Data for the task:
== == ==
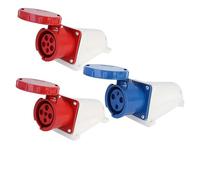TADZKKIWM Lot de 5/10 fiches et Prises industrielles for l'aviation, 16 A/32 A/63 A/125 A, étanches IP44/IP67, 3P/4P/5P, à Montage Mural, for Montage sur Panneau(63A Wall Mounted,5 PCS-3P)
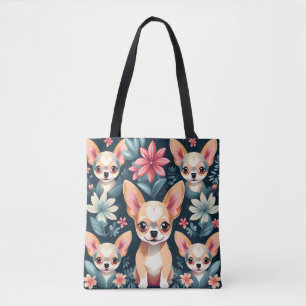 Bolsa Tote Flores Chihuahua Pet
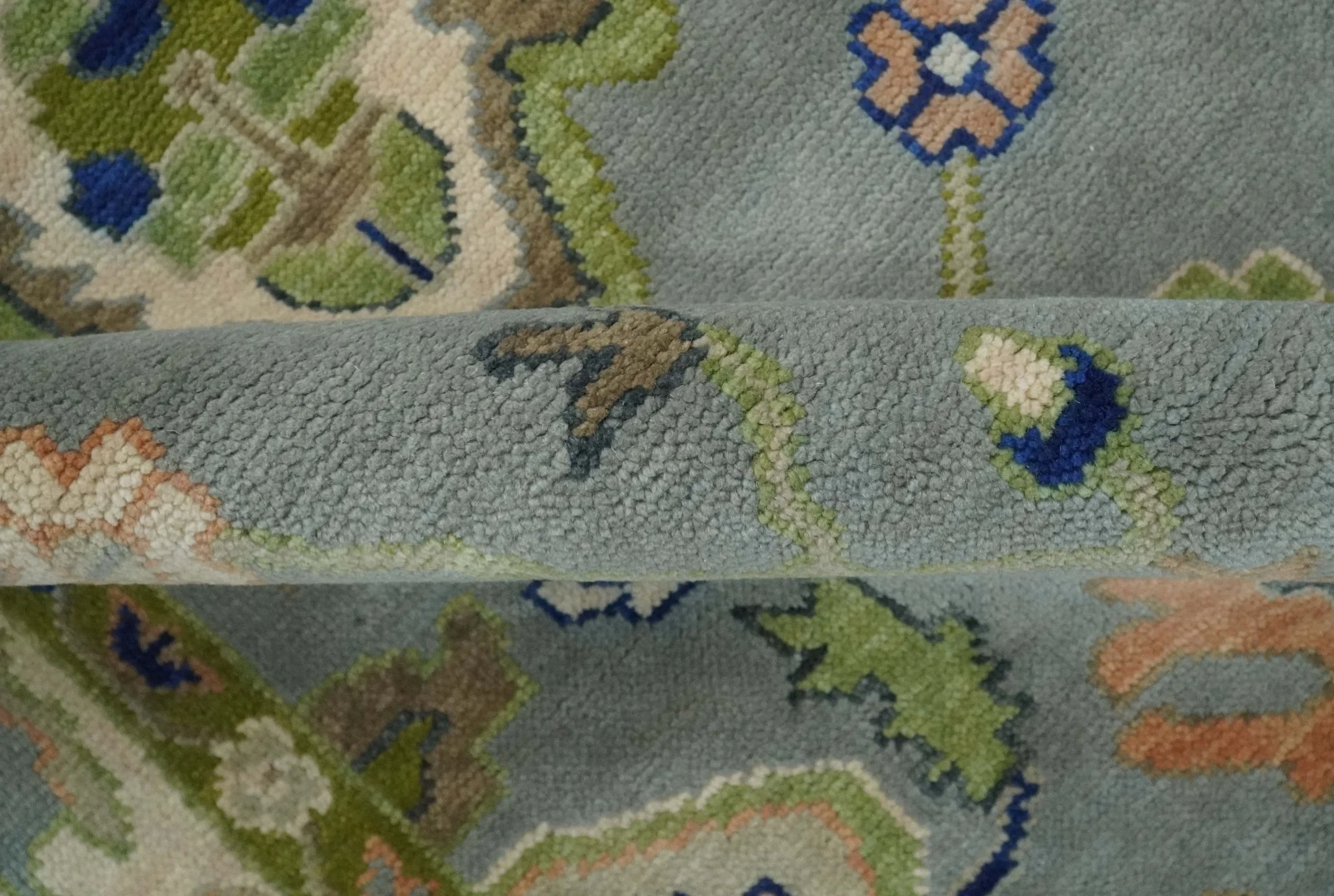Vibrant Colorful Silver, Green and Light Peach Hand knotted Oushak wool Area Rug - Image 6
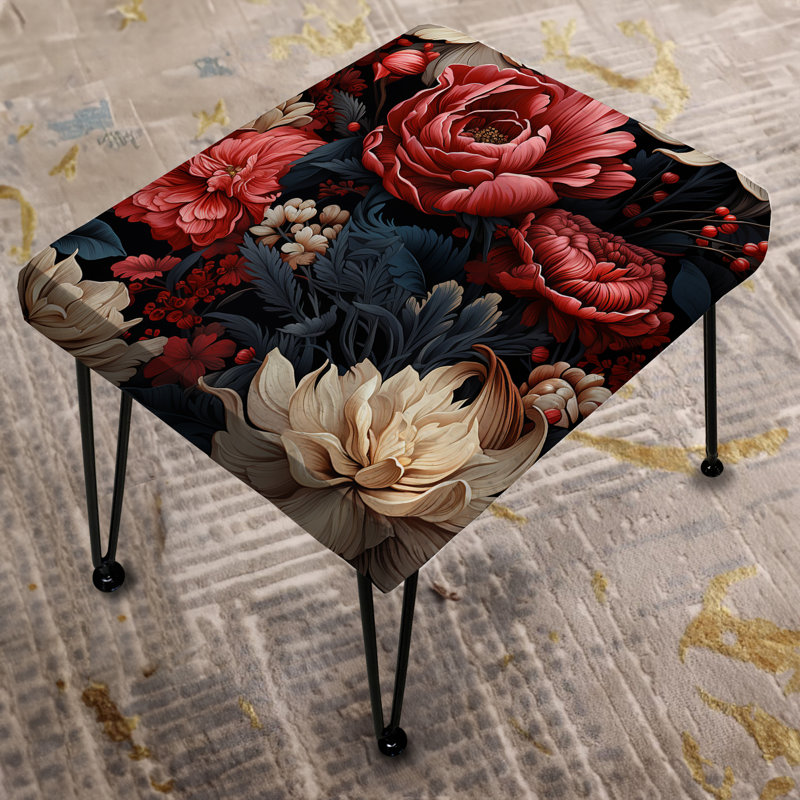 Opulence rouge victorienne à motif floral - Repose-pieds rectangulaire floral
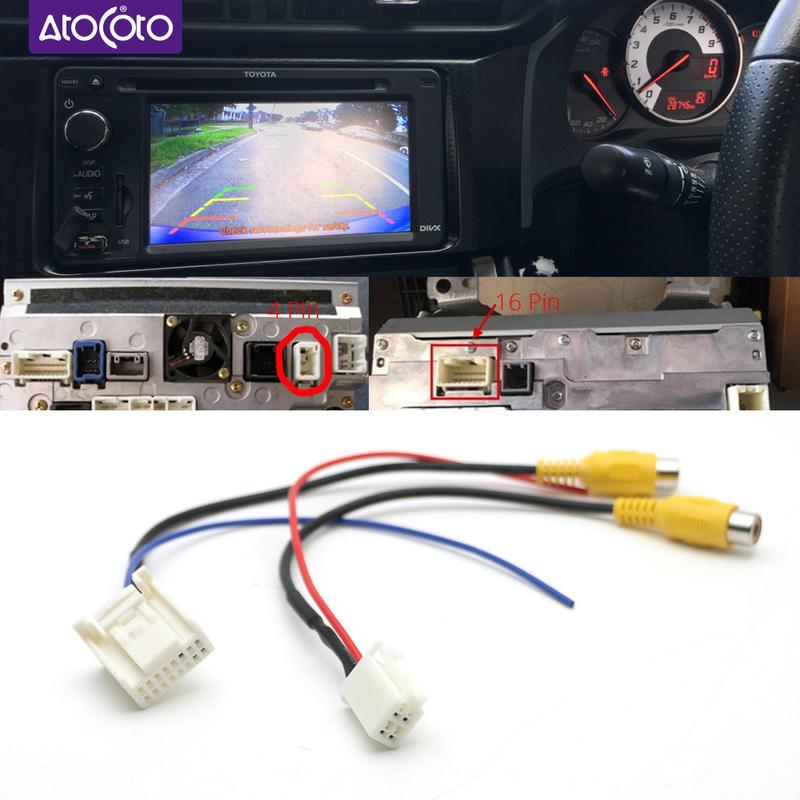 Car 4 16 Pin Male Connector Radio Back Up Reverse Camera RCA Input Plug Cable Connection Adapter For Toyota Camry RAV4 Sienna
== == ==
Exercise details: Write out the data precisely as given, excluding the pictures.

Answer:
TADZKKIWM Lot de 5/10 fiches et Prises industrielles for l'aviation, 16 A/32 A/63 A/125 A, étanches IP44/IP67, 3P/4P/5P, à Montage Mural, for Montage sur Panneau(63A Wall Mounted,5 PCS-3P)
 Bolsa Tote Flores Chihuahua Pet
Vibrant Colorful Silver, Green and Light Peach Hand knotted Oushak wool Area Rug - Image 6
 Opulence rouge victorienne à motif floral - Repose-pieds rectangulaire floral
 Car 4 16 Pin Male Connector Radio Back Up Reverse Camera RCA Input Plug Cable Connection Adapter For Toyota Camry RAV4 Sienna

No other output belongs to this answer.